Do I have your attention now? Good.
You might be wondering, what is 2D diversity? There are two types of diversity that humans can have. One is inherent (gender, sexual orientation, ethnicity, etc.) and the other one is acquired (whenever you live abroad, interact with people different from you, etc.). In the HBR experiment, a leader with 2D would qualify if they had three traits of each.
They found that when a leader understands and values diverse employees, they are 3.5 times more likely to contribute out-of-the-box ideas which in turn creates a company that is twice as likely to unleash value-driven insights.

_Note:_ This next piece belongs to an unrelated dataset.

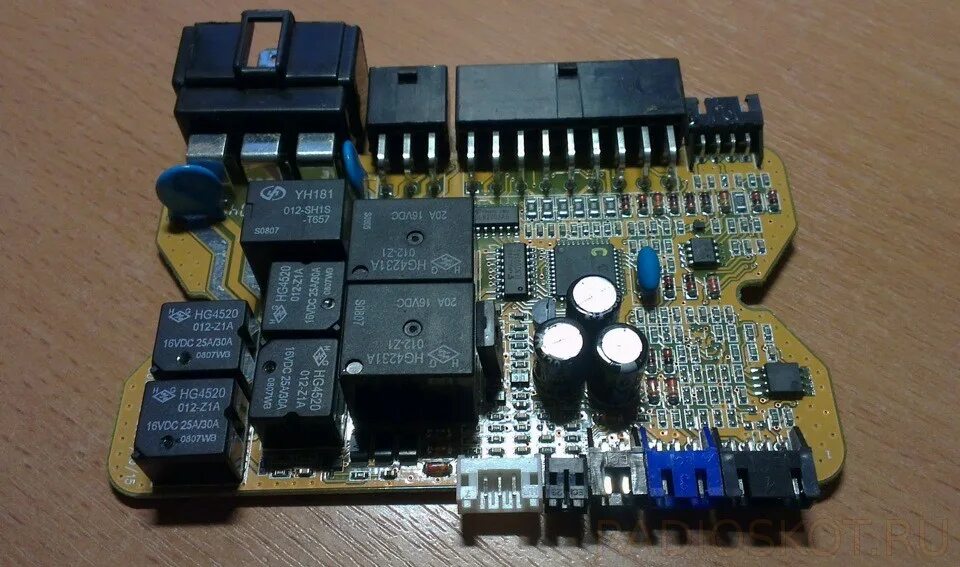 Неисправности блока сигнализации. Starline b92 блок сигнализации. сигнализация старлайн а9 плата. плата блока старлайн а91. starline а9 плата сигнализации.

In another HBR article, Rock and Grant discuss how diversity makes teams smarter. They claim that by working with people who are different from us challenges our brains to think in new ways and improve performance. It’s been proven that diverse teams focus more on facts, process information more carefully and are more innovative. They tend to be less biased and challenge their assumptions even more.
For our readers who are familiar with Scrum and have taken part in a poker sizing session, your head might be nodding in agreeance right now. There are so many tacit assumptions around a user story that unless discussed and challenged, teams would never be able to arrive to a consensus around the effort involved in it. For those who haven’t adopted Scrum (yet!), here is one of the dangers of having a unilateral view on how much effort would be involved in delivering a “certain” solution.
If assumptions remain unchecked the result could be that infamous rubber tire hanging from a tree instead of the rollercoaster you’ve been dreaming of. Not to mention the very inaccurate effort forecast that will keep your Project Manager very busy updating the Gantt chart. In these cases, I am confident that you would feel more confident partnering with a diverse, capable and empowered team before your solution is built and delivered.
It’s no coincidence that the biggest economic hubs have diversity in common. Think London, New York City, Singapore, Hong Kong and Sydney. Studies like Nathan & Lee’s have linked diversity with economic performance and social benefits. It confirms not only that teams with diverse leadership are more innovative, but also they have a positive correlation with entrepreneurship and are more likely to reach out to a more cosmopolitan population as potential clients.
Here at ProQuest, we are a team of 24 professionals representing over 14 different countries. We might take a little longer to achieve consensus on the path to follow as we challenge each other and think of alternative ways of doing things. The results are innovative solutions to bring our customers’ visions to life by unleashing the power of Salesforce.